«Соль тоже требовала бережного обращения. В прошлом, по-видимому, хозяин сам солил общую еду. Можно было также отсыпать себе немного соли на скатерть, но ни в коем случае не обмакивать хлеб в солонку, так как «только Иуда в солоницу хлеб макал». Это поверье восходит к известному евангельскому эпизоду и его иконографическим версиям (Мф., 26: 23; Мк., 14: 20; Иоанн, 13: 21 – 27).
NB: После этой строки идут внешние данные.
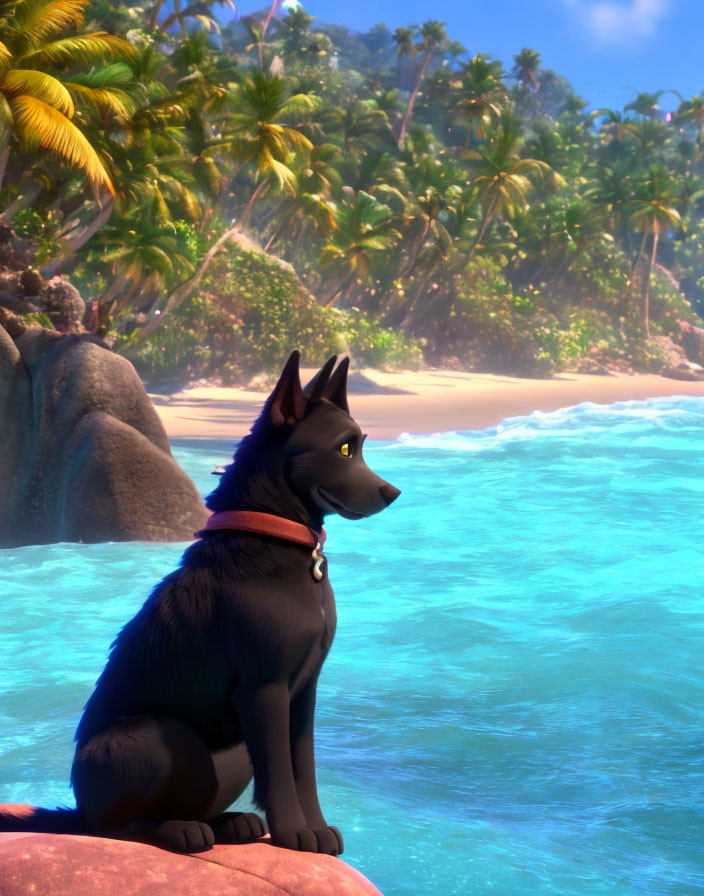 Black Dog with Red Collar Sitting on Rock Overlooking Tropical Beach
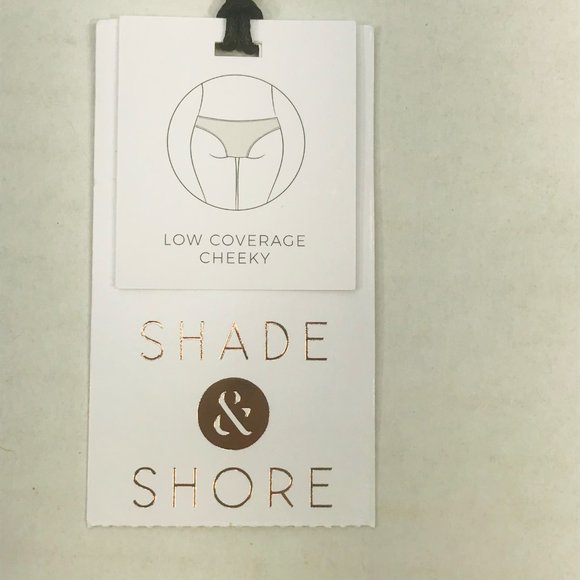 Shade And Shore Women's Sz Medium 8-10 High Leg Cheeky Bikini Swim Bottom Black - Picture 3 of 8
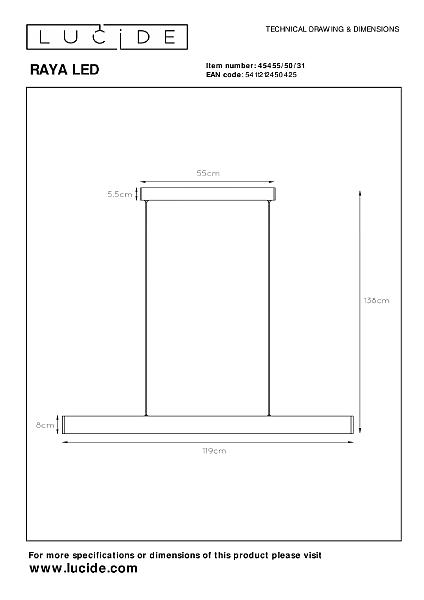 Светильник подвесной Raya Led 45455/50/31
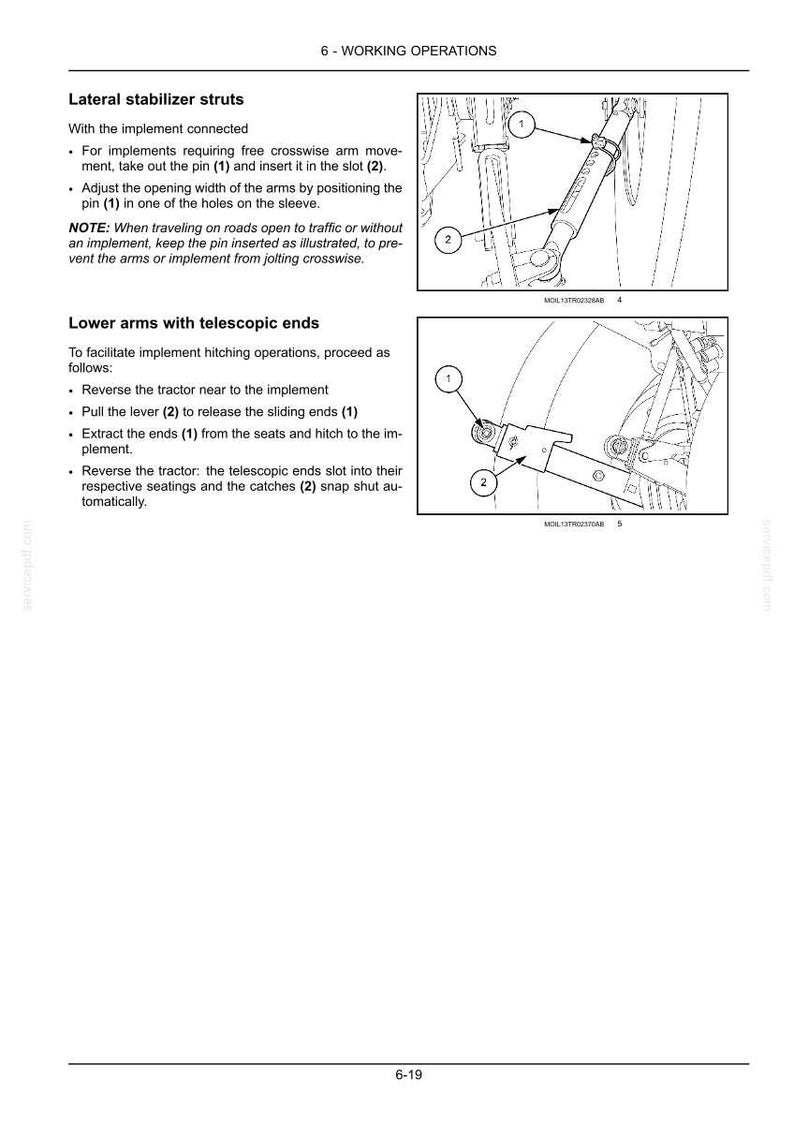 Puede incluir: Una p&aacute;gina de manual t&eacute;cnico titulada 6-WORKING OPERATIONS que presenta dibujos lineales en blanco y negro de componentes de tractor. Incluye instrucciones para puntales estabilizadores laterales y brazos inferiores con extremos telesc&oacute;picos, usando etiquetas numeradas 1 y 2.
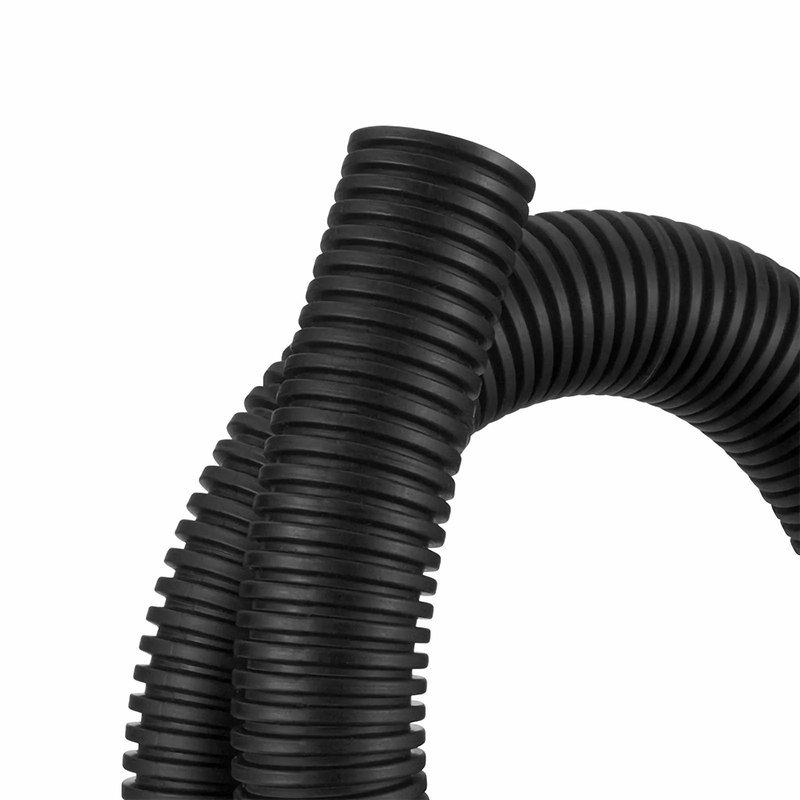 25m (82ft) Black Flame Retardant Polypropylene Convoluted Tubing, 19mm Inside Diameter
Соблюдаемое поныне правило – не брать соль из солонки руками – в народной традиции тоже связывалось с образом Иуды. «Кто берет соль из солонки пальцами, а не ножом или «цавьем» ложки, того смело можно считать тайным врагом дома, «юдашом околелым». По легенде, от Пасхи до Вознесения Иисус Христос ходит по земле, и он посещает только те дома, в которых соль отсыпают на стол, потому-то Христос якобы никогда не обмакивал хлеб в солонку», – отмечают в своем исследовании А.А. Байбурин и А.А. Топорков.
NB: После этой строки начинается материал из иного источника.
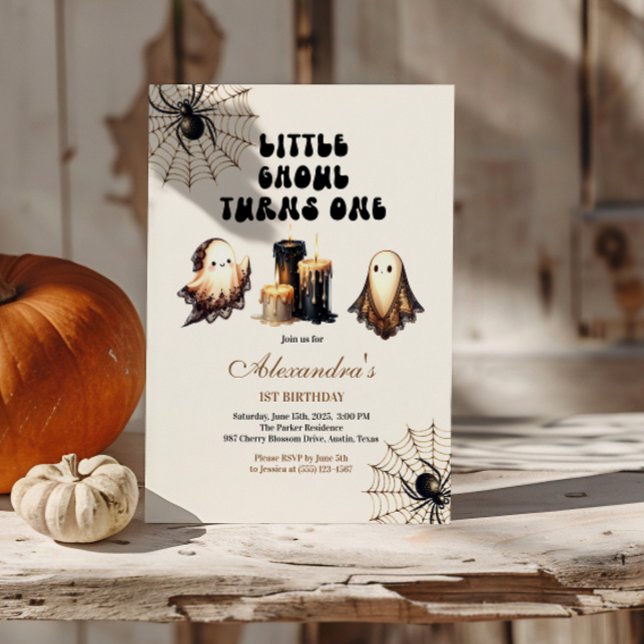 Invitation Anniversaire Neutral Little Ghoul (Créateur téléchargé)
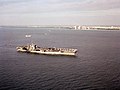 An aerial starboard view of the nuclear-powered aircraft carrier USS DWIGHT D. EISENHOWER (CVN 69) anchored off the coast of Fort Lauderdale, Florida - DPLA - 927da5d314cfdc66ecd9470f17f2d9f8.jpeg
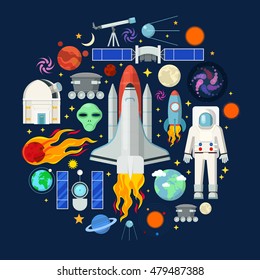 Space Icons Set with Planets Stars Shuttle and Astronaut. Vector illustration
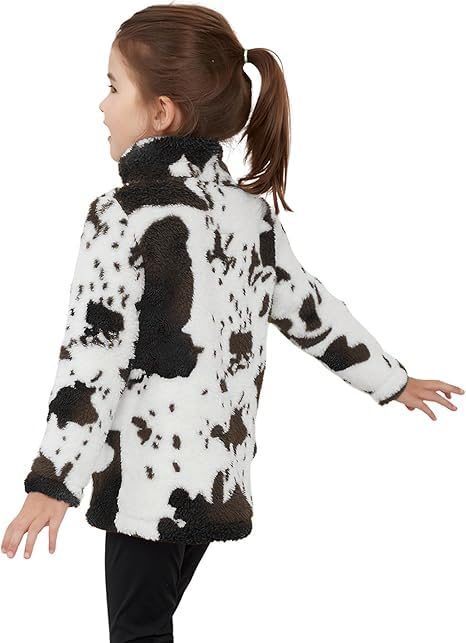 Image of EARKOHA Girls Cow Print Sherpa Fleece Jackets Fall Winter Outerwear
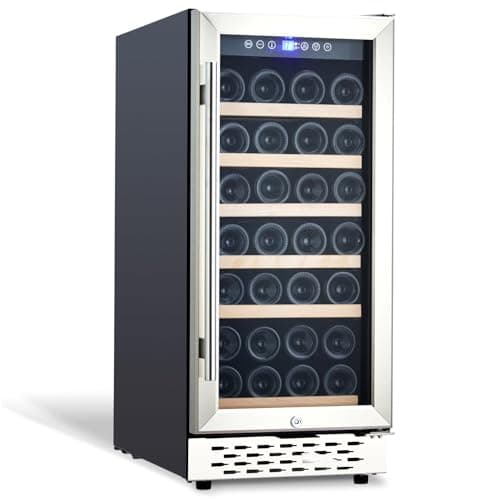 DYTesa 15 Inch Wine Cooler - Compressor Refrigerator with Lock, 28 Bottle Freestanding Wine Cellar, Dual Zone with Digital Temperature Control, Glass Door, and Beverage Cooler.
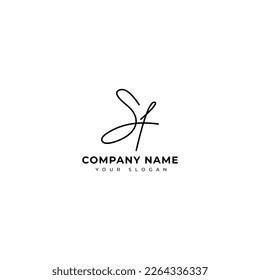 Sf Diseño vectorial de logotipo de firma inicial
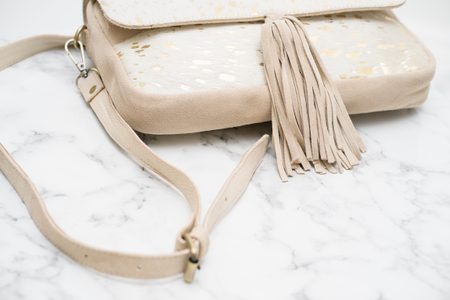 Real leather crossbody bag Glamorous by GLAM - Beige -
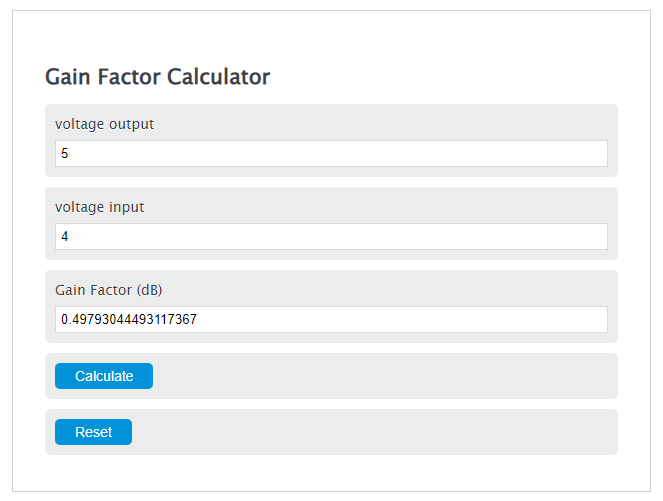 gain factor calculator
Особым почетом на Руси пользовалась каша. Древняя Русь знала такие злаки, как пшено, ячмень, рожь и просо. В зимнее время каша – основное блюдо, она спасала от голода, горячей кашей грелись, лечили простуду.
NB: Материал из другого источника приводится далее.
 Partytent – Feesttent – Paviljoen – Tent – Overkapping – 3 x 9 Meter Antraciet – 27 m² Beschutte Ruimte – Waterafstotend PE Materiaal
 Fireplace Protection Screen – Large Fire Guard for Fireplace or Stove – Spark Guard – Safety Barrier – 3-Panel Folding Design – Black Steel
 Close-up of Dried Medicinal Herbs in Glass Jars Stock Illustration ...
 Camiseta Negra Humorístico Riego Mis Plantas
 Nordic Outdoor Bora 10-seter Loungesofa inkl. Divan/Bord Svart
В знак мира вожди враждующих племен ели кашу из одного горшка. В Древней Руси свадебный пир называли «каша». Если род невесты был по происхождению и положению выше рода жениха, то кашу варили в доме отца невесты.

Повивальная бабка приносила на крестины один горшок с вкусной кашей, а другой с пригорелой или пересоленной, последней угощали отца ребенка, чтобы он испытал, как было тяжело его супруге.

В память об ушедших из жизни на тризнах варили кутью.

Одно из первых упоминаний о церемониальном застолье Киевской Руси выглядит весьма драматично.

Княгиня Ольга, желая отомстить древлянам за смерть мужа, устроила тризну на его могиле. «Посем седоша древляне питии, и повеле Ольга отроком своим служити пред ними… И яко упишаяся деревляне, повеле отроком своим пити на ня, а сам а отъиде кроме, и повеле дружине своей сечи деревляны». Выражение «пити на ня» переводят как «пить за их честь», но, учитывая контекст, можно думать, что оно здесь связано и с погребальной обрядностью и значит в переносном смысле также «пить за смерть или на смерть» древлян. С.М. Соловьев не исключал даже, что в Древней Руси существовал «обычай пить в погибель кому-нибудь, как пить за здравие».

И все же пир – это прежде всего символ единения. Именно такие застолья устраивал князь Владимир. Приглашение за княжеский стол – знак особого уважения к гостю, дружинники, пирующие с князем, не только его ближайшие помощники, они друзья. Князь – первый среди равных.

Несмотря на то что столы буквально ломились от яств, участникам трапезы следовало помнить, что христианские проповедники осуждали обжорство не только как бытовой порок, но и как остаток языческого культа. «Кто сядет есть, не умывши руки и не помолившись, то этот человек съедает в три раза более, чем ему полагается, потому что это будет есть не он, а с ним сидящие домовые, лессовые и проч.».

В былинах нечеловеческим аппетитом отличаются враждебные персонажи – Тугарин, Идолище.

Стали тут пить, есть, прохложатися,
А Тугарин Змеевич нечестно хлеба ест:
По целой ковриге за щеку мечит,
То ковриги монастырския;
И нечестно Тугарин питья пьет:
По целой чашке охлестовает,
Котора чаша в полтретья ведра.

Кстати, в самом образе Идолища видят иногда отражение воспоминаний о языческих идолах. «Обжорство Идолища, пожирание целого быка, коровы, птиц и огромного количества питья нам кажутся поэтическим отголоском древних языческих жертвоприношений», – писал известный фольклорист Б.М. Соколов.